I’m trying to eat more plant-based food lately. I know I know, ew. But I’d like to live longer and maybe have a slightly less detrimental impact on the environment, so maybe eat a bean sometime. (Legume didn’t work well with the joke)

This recipe is shockingly delicious, easy enough, and can be turned into meatballs, burgers, meatloaf, or even veggie ground if you want. This recipe is still a tiny bit tedious but TRUST ME. This will be the BEST vegetarian meat replacement you ever have. Plus it makes a relatively large amount of mix that can be divided and frozen.
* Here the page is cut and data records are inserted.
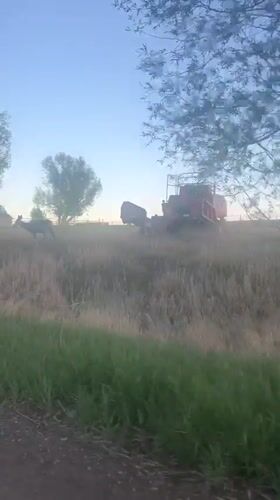 Deer spotted in field near Hudson, Wyoming road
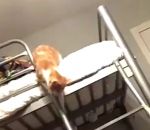 echelle chat lit Un chaton descend une échelle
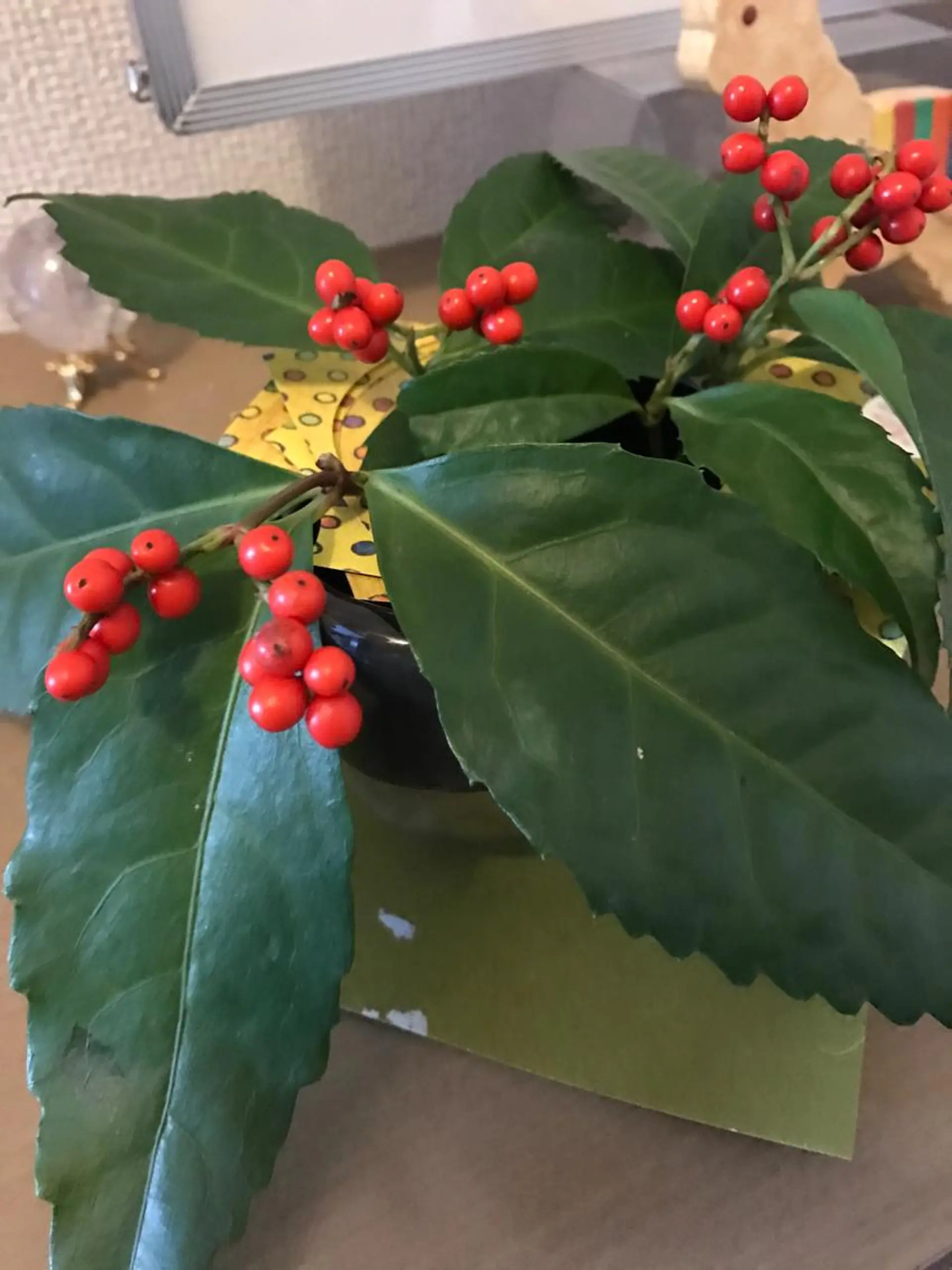 岩井 秋子のエステ・リラクイメージ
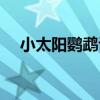 小太阳鹦鹉说话视频(小太阳鹦鹉说话) 小太阳鹦鹉说话视频(小太阳鹦鹉说话)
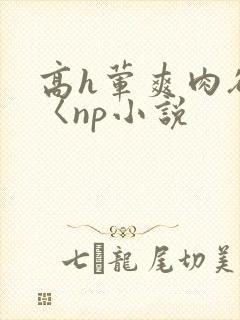 高h荤爽肉欲文〈np小说封面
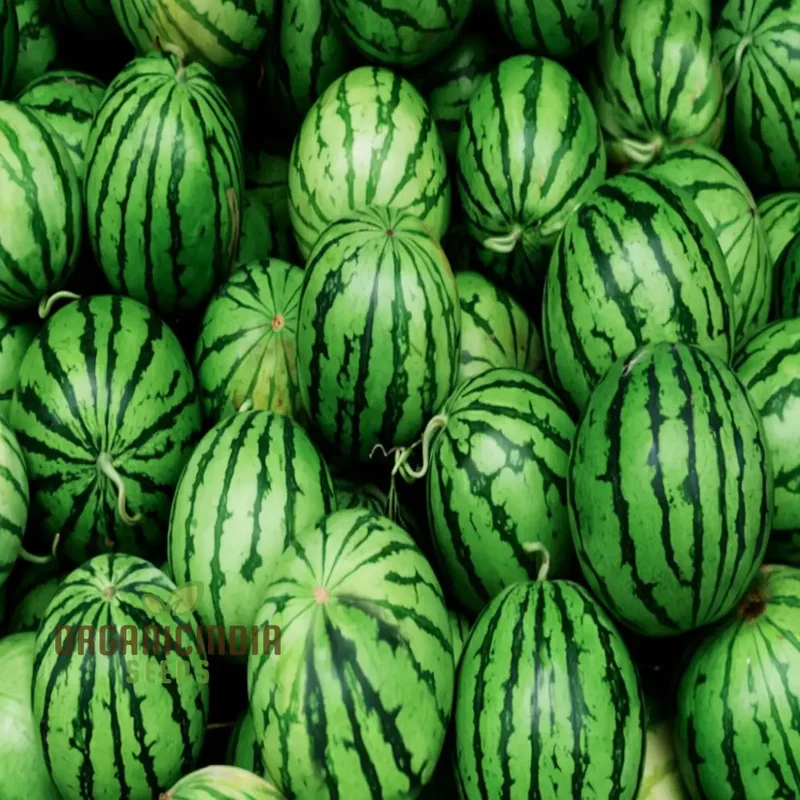 Green Flesh Watermelon Fruit Seeds for Lush and Juicy Harvests - Perfect for Home Gardening Enthusiasts and Professional Growers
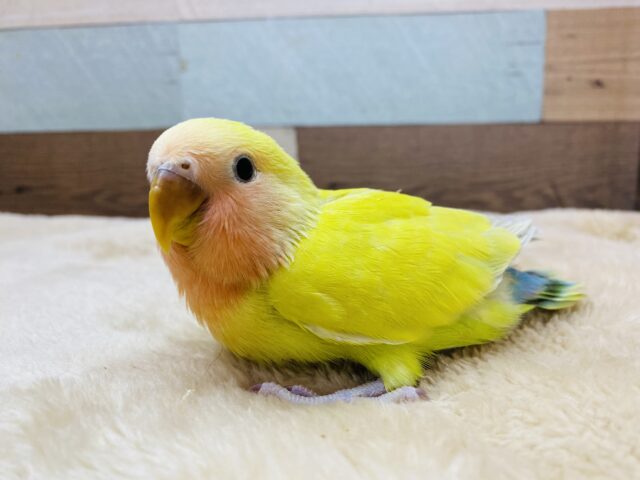 コザクラインコ（小桜インコ）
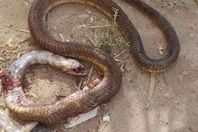 ثعابين القليوبية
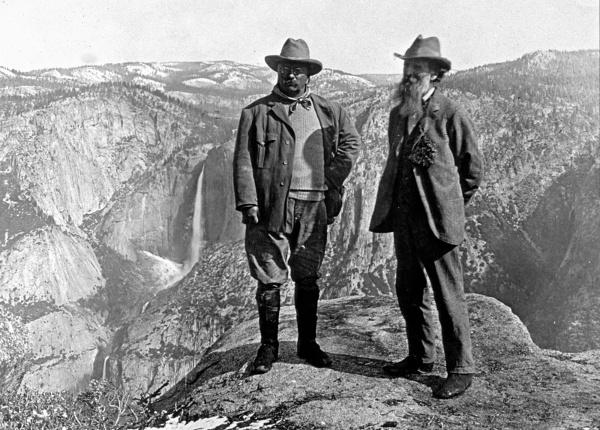 Yosemite Muir-and-Roosevelt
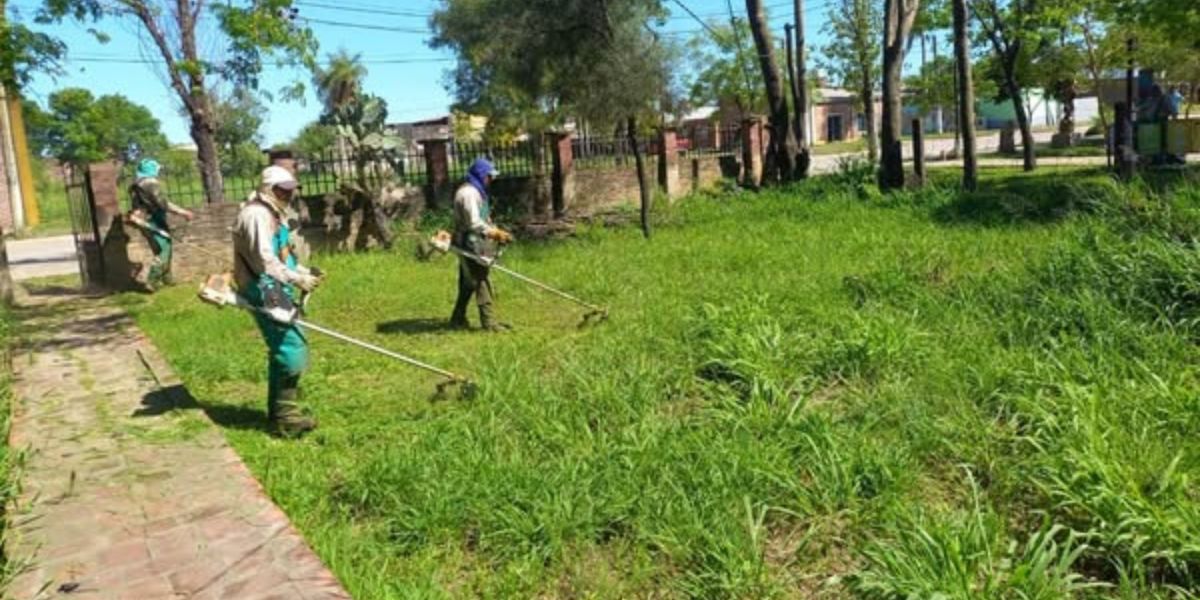 Inicio de operativos contra el dengue: Presidencia de la Plaza comenzó el desmalezado en escuelas e instituciones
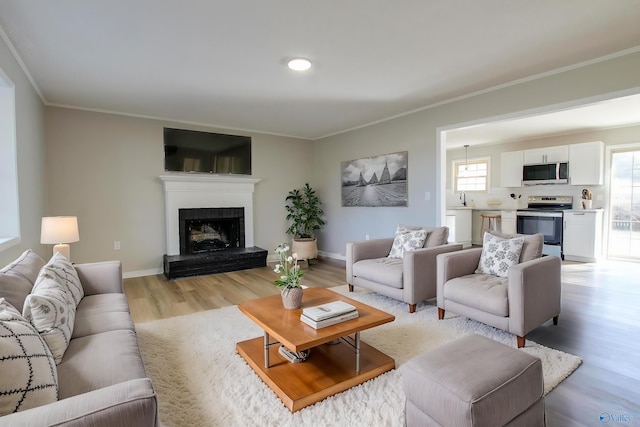 living room with sink, ornamental molding, and light hardwood / wood-style floors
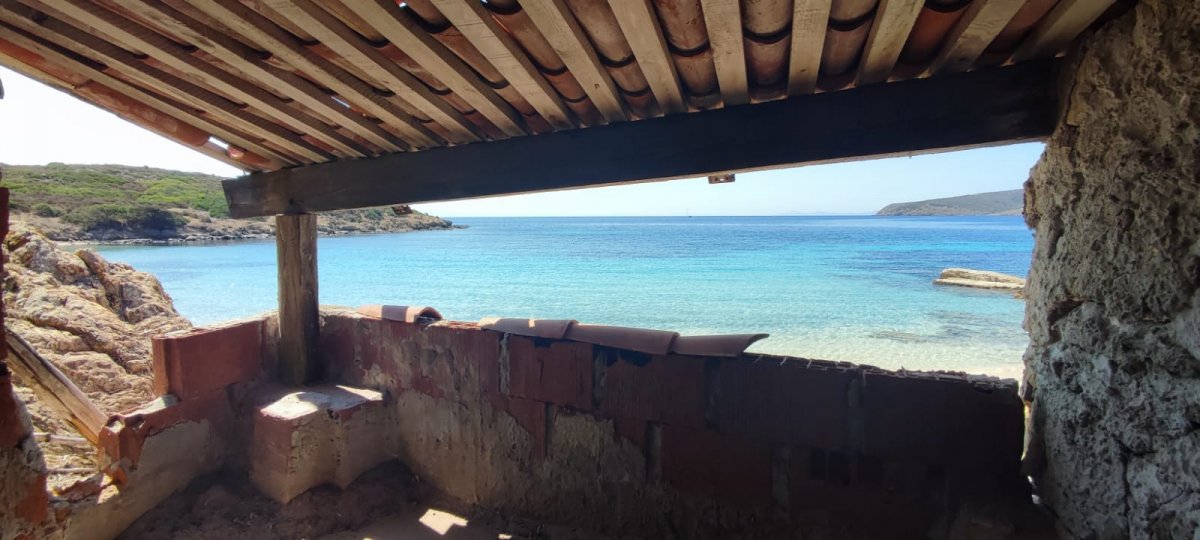 Genießen Sie Sardiniens köstlichen Fisch und Wein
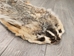 North American Badger Skin: Trading Post Grade: Gallery Item - 52-TP-A-G4847 (Y2D)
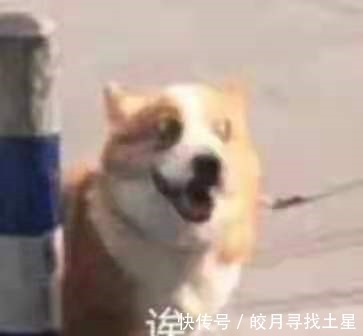 t新綜藝、老綜藝“打架”拒絕emo就看TA們了!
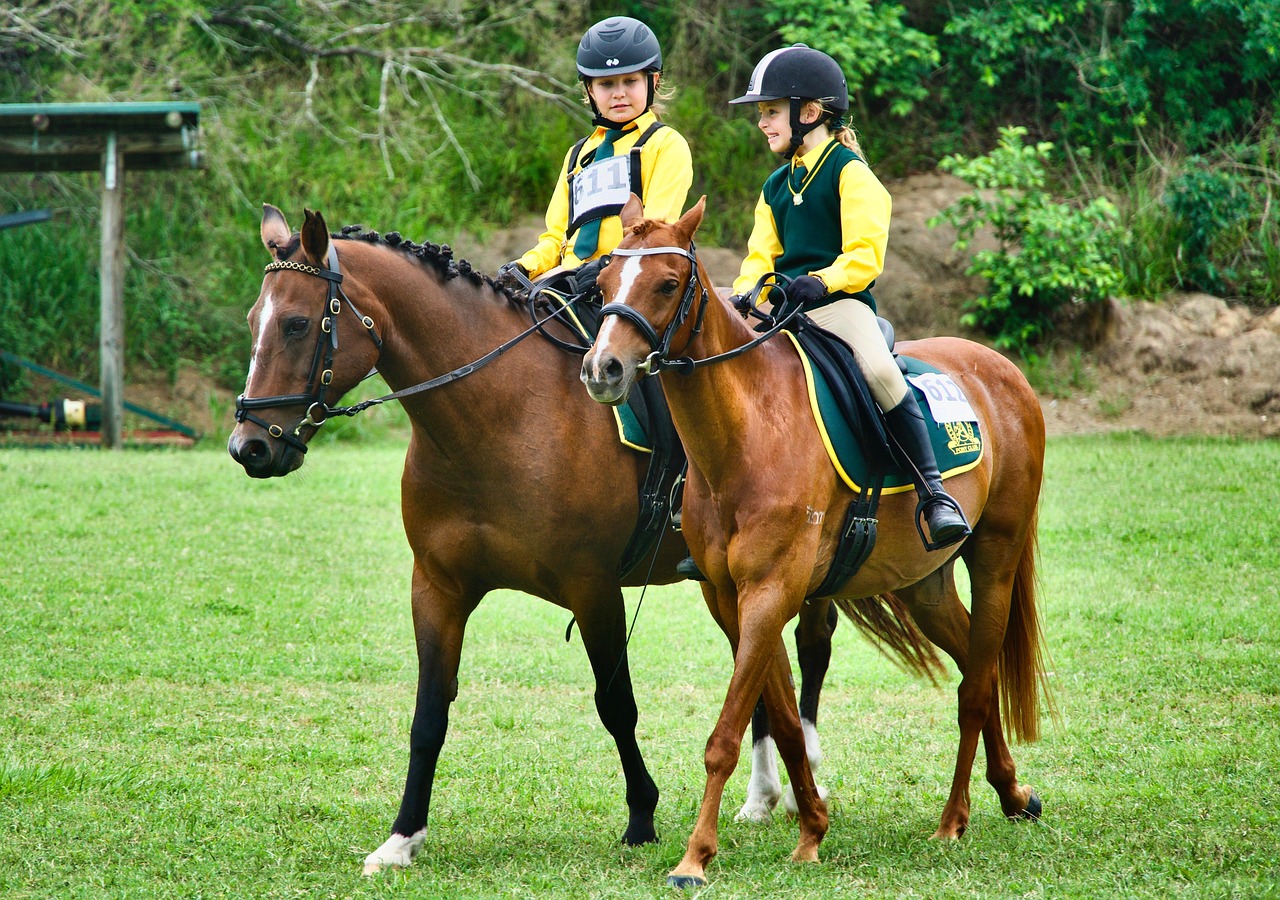 Améliorer la sécurité avec des casques d'équitation certifiés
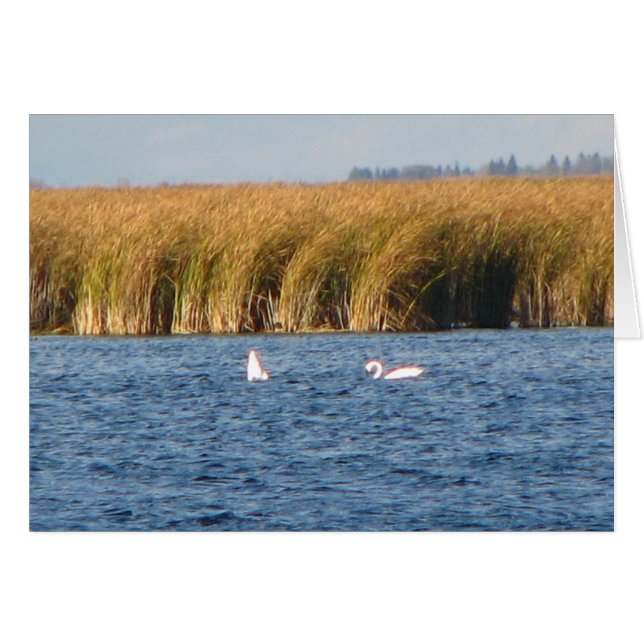 Tundra Swans (Front Horizontal)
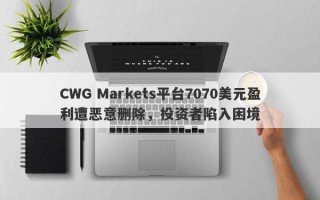 CWG Markets平台7070美元盈利遭恶意删除，投资者陷入困境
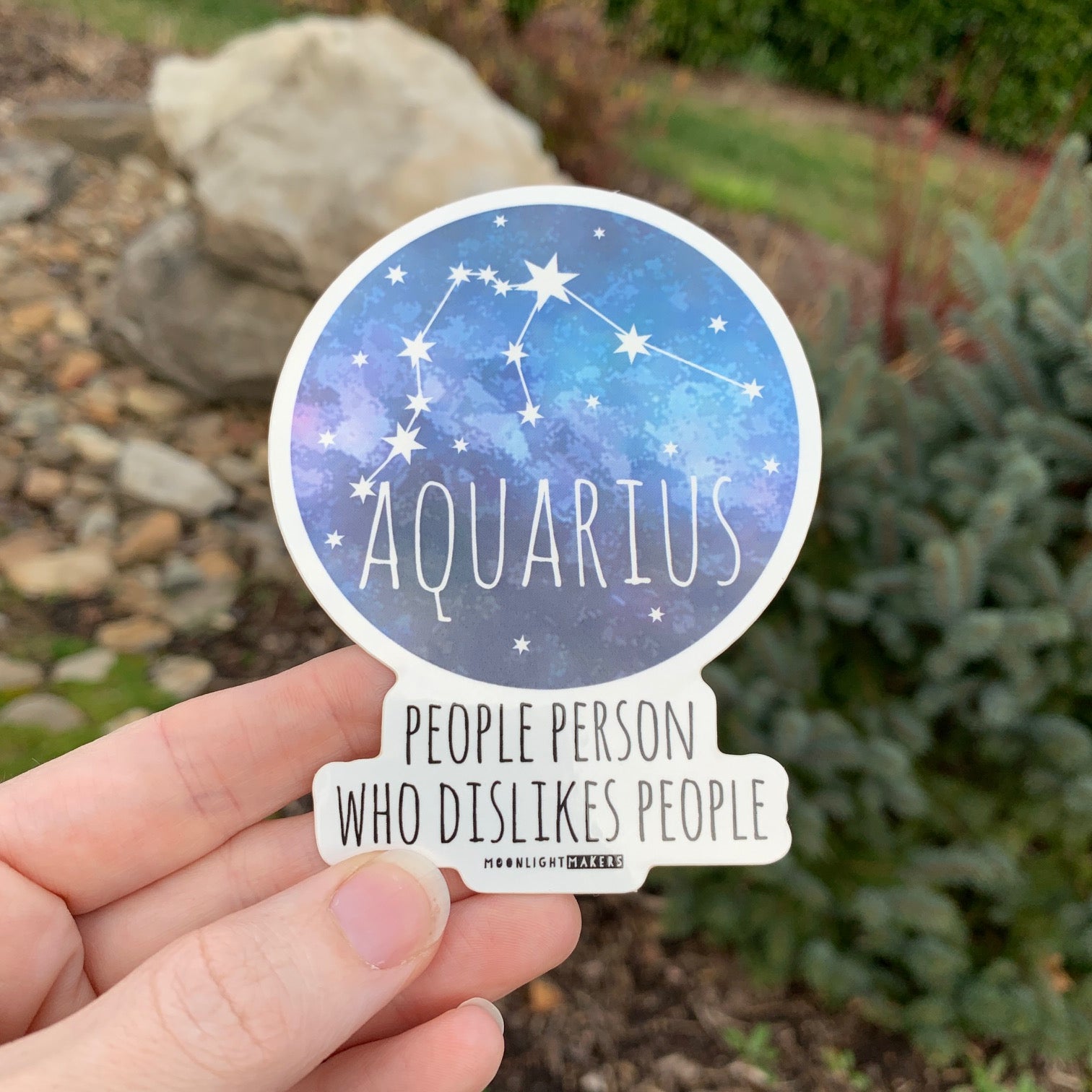 Signs of the Zodiac/ Star Sign - Die Cut Sticker - MoonlightMakers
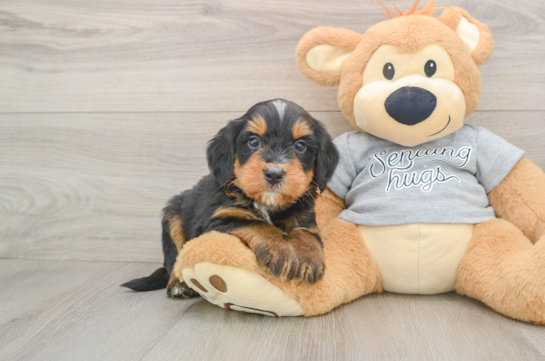 Smart Mini Bernedoodle Poodle Mix Pup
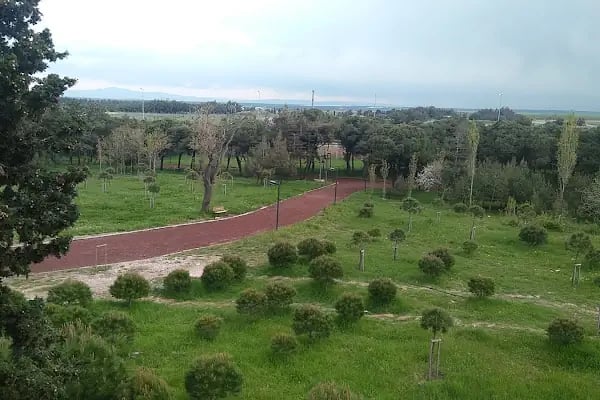 General Balcı Çamlığı - Resim 16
This makes about 22-24 large-ish meatballs.

What you need:

  • 2 cups water
  • 1 cup dried green or puy lentils
  • 4 1ounces tomato sauce (or leftover spaghetti sauce!)
  • 1 cup rolled oats
  • 1 small onion, finely diced
  • 3/4 cup grated cheddar cheese
  • 1 egg, beaten
  • 1 tsp garlic powder
  • 1 tbsp dried parsley
  • 1/2 tsp cayenne
  • 1 teaspoon salt
  • 1/4 teaspoon black pepper
  • 1/2 cup panko bread crumbs
  1. First we need to hydrate those lentils, bring the 2 cups of water along with salt to a boil. Add the lentils and cook for about 20-25 minutes, or until softened. Strain and set aside to cool.
  2. In a food processor, or like me, awkwardly in a blender, place 1 cup rolled oats and blend until coarse. A few large pieces are okay. We don’t want this to be too fine of a flour, the inconsistency adds great texture. Remove and pour into a large mixing bowl.
  3. Add your lentils along with the tomato sauce and blend in the same manner. A few chunks and rogue lentils are fine, but you want it to be blended enough to hold together. Think chunky applesauce. If you’re having trouble blending this, add up to 1/2 cup of water, but no more or your meatballs (lentilballs?) will be too wet to work with. Add this to the bowl.
  4. Add onion, cheddar, egg, garlic powder, parsley, cayenne, salt, pepper and mix thoroughly. Let this sit at least 15 minutes, you can place it in the fridge but you don’t have to. The oat mixture will absorb the liquid and make this thicker and easier to handle.
  5. Place your panko in a shallow bowl or dish. Divide your mix, I just eyeballed about 2-2.5 tbsp sized balls, and roll them into the panko. This will help the outside become even more crisp and delicious, but also help them hold together a little better.
  6. Place balls on sheet or large plate and place in the fridge for at least 20 minutes (freezer for less time if you’re in a hurry). Now is a great time to prep some sauce and pasta!
  7. Preheat the oven to 375F and place a large non-stick skillet with a tbsp or two of oil on the stove. Lightly brown all sides of the balls and place them on a parchment lined baking sheet.
  8. Bake for 25 minutes and serve with your favourite pasta and sauce!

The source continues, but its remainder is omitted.